Board Evaluations. Again I will repeat myself. Annual board evaluations can be a tremendous help in this regard. I’ve been beating this drum for years. Still there aren’t enough boards incorporating evaluations. Part of this is that it can feel like confrontation and a lack of “nice.” I also have a word of caution for those of you who ARE using board evaluations. (First of all, kudos to you for doing it. Really!) Make sure you’re doing something substantive with the results. Evaluations are not just for patting yourselves on the back for a job well done. This is for finding ways to improve and identifying those areas. Ergo, you must follow up the evaluations with an action plan for improvements.

(True story: I once went through a stack of almost ten years of evaluations from a single board. Without fail, one board member is highlighted year after year for his lack of preparation, his constant comments about operations, sleeping in board meetings, etc. Yet, he’s still on the board.)

Evaluations don’t mean anything if you don’t use them for improvement. But the tendency is to use defer to “hope” in the evaluation report. That is, to “hope” that particular board members will see themselves and their failings in the report and self-correct. That does happen, occasionally, rarely. The better approach is to use the evaluations as the tool, the catalyst for human conversations in the interest of improvement. “What can we do to be better?” Which must be followed with a written action plan.

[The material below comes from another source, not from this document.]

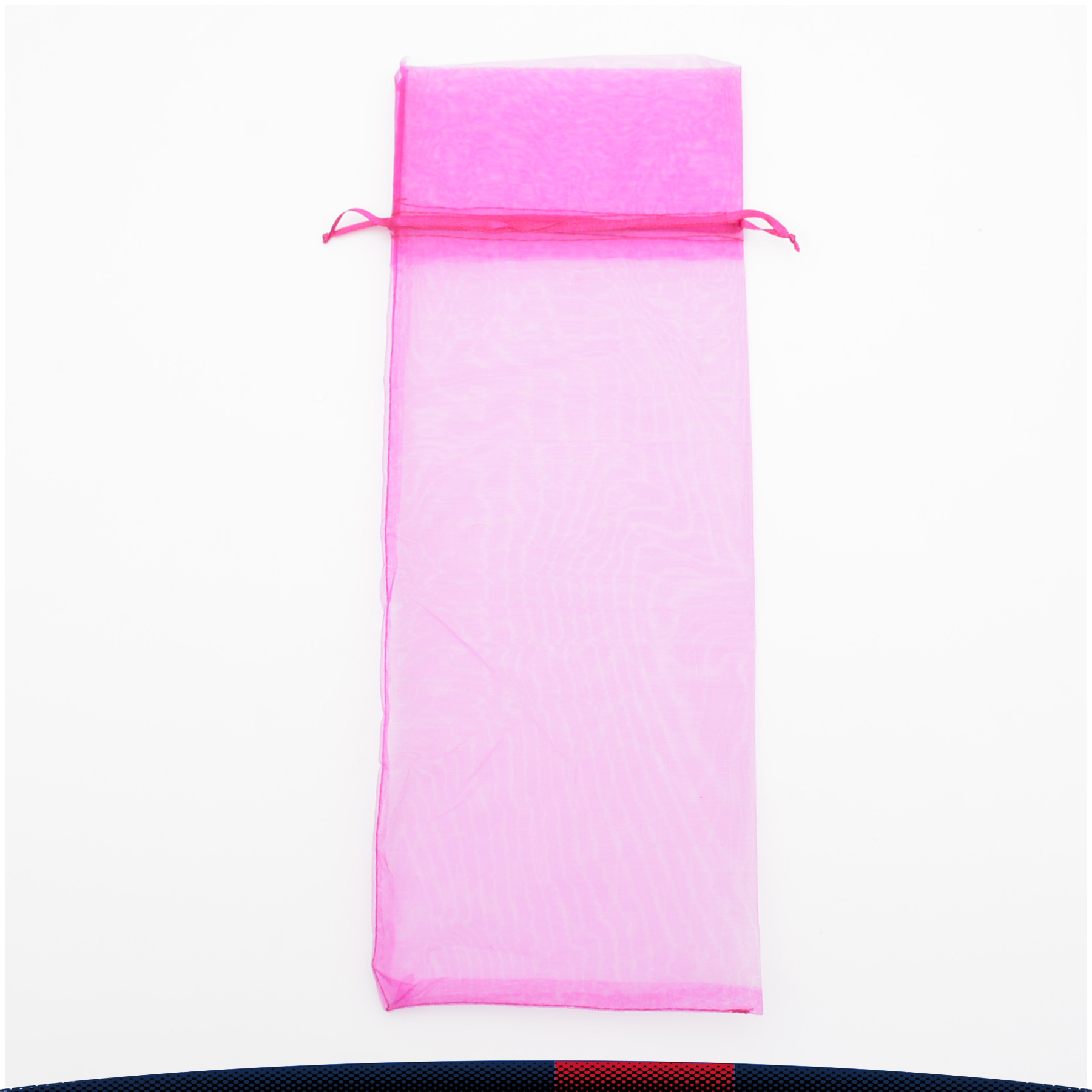 Ruxcy Wine Bottle Bag 21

There’s a lot of talk about culture in organization and in board rooms. Creating culture is an ongoing effort with no finish line. My experience tells me that the culture in board rooms is entrenched and slow to change even with the most strident of efforts. It can be done though. My struggle is with wanting a too vague notion of “culture” and hope to solve problems that arise as part of “nice.” And for people to just “know” (as a result of that robust culture) when it’s time for them to step down, or to change their habits. Again, it can be done. What I’m saying is that tools like written policy, and evaluations with action plans, among other things are part of that culture building process that provide guardrails for accountability. This approach can maintain the “nice” while pushing the board forward.

The expectations for credit union boards is not going to go down. Our responsibilities are too significant and increasing in complexity. This requires evolution and progress from everyone including the board.

And finally, before I sign off, make sure to tell your folks I says “hi.”